Friday, June 29, 2007

(still) Making Do

Like any good, bad, or mediocre cook, I appreciate the usefulness of a sharp kitchen knife. And like any thoroughly stocked kitchen, ours contains a very lovely knife set. In fact, we have two very lovely sets of different kinds of knives.

The only problem is that as of now, our knife sets are fulfilling very little purpose beyond that of loveliness.

This is your official warning regarding putting belongings in storage for extended lengths of time. Two dull-ish knives have served all purposes from turkey carving to apple paring for two years.... I don't seem to need a whole set any more.

This is a good thing (I think).

Wednesday, June 27, 2007

On Preconceptions

Among my goals for the summer: make it through a too-daunting list of "serious reads." By "too-daunting" I really mean "too long," but that's normal.

I prefer to read several books at once. So, among other fantastic reads, I've tackled C.S. Lewis's "Screwtape Letters." In addition to joining "Narnia" as the most readable of Lewis's books I've dipped into, I've found a lot of food for thought.

One of the thoughts I keep coming back to is quoted below in the form of "advice" to one who wishes to turn the believer away from God:

"Once you have made the World an end, and faith a means, you have almost won your man..."

Among my thoughts on this book, and this quote in particular, I have come to a deeper understanding of why logic and knowing what we believe and why is so important. No one will, after all, find a voice with any normal, reasonable human being unless there is something that sounds logical in their message. We must understand logic so we can discern between "sounds reasonable" and "is reasonable." And we must understand what we believe because it is possible to believe the wrong thing for logical reasons IF you have started with a false preconception.

That, for example, is why a cultist may teach a system of belief based on the premise that human bodies are vehicles to help us on our journey. As thinking human beings, we must believe something about our bodies.
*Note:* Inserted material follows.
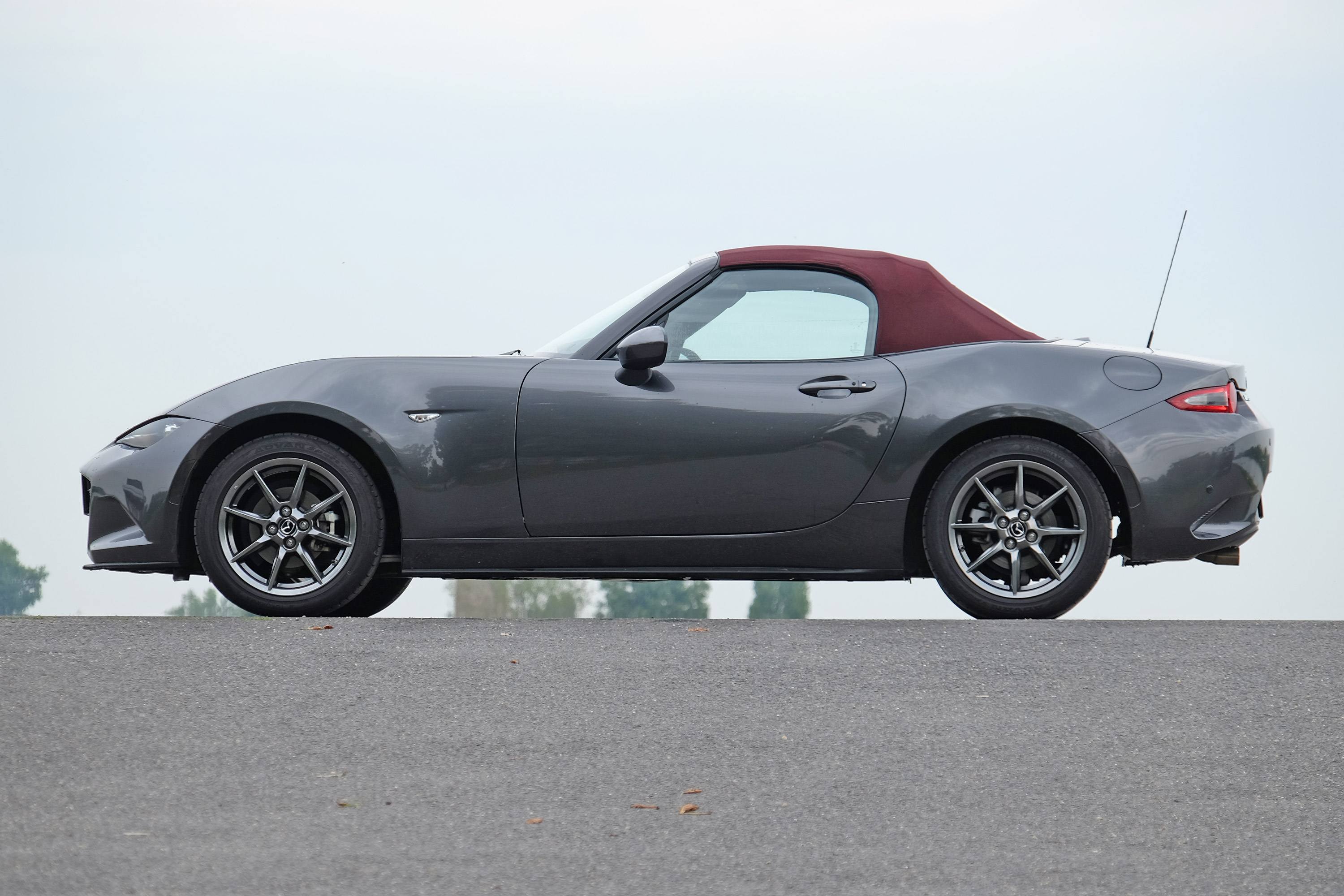 Móka és kacagás 200 lóerő alatt – Mazda MX-5 6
Starting with a philosophical idea of the "correct" view of our bodies, one can easily build a logical sequence such as this:

All human bodies are vehicles.
All vehicles should be dispensed with if a more efficient vehicle comes along. [it's in the economics!]
Therefore, human bodies should be dispensed with if a more efficient vehicle comes along.

The preceding example is a valid logical sequence (syllogism) as illustrated by substituting the words with those in the following:

(if) All cats are carnivores.
(and) All carnivores eat meat.
(then) All cats eat meat.

We know based on Scripture that the idea of a human body being dispensed with at will is wrong. But how many of us, when confronted with the statement, "human bodies should be dispensed with" will begin by arguing that human bodies aren't dispensable? If we do, we risk loss because we are really combating not a single statement but a whole sequence of thought that must be true provided that our premises is true. More wisely in this example, we should identify and take issue with the root premise that "human bodies are vehicles."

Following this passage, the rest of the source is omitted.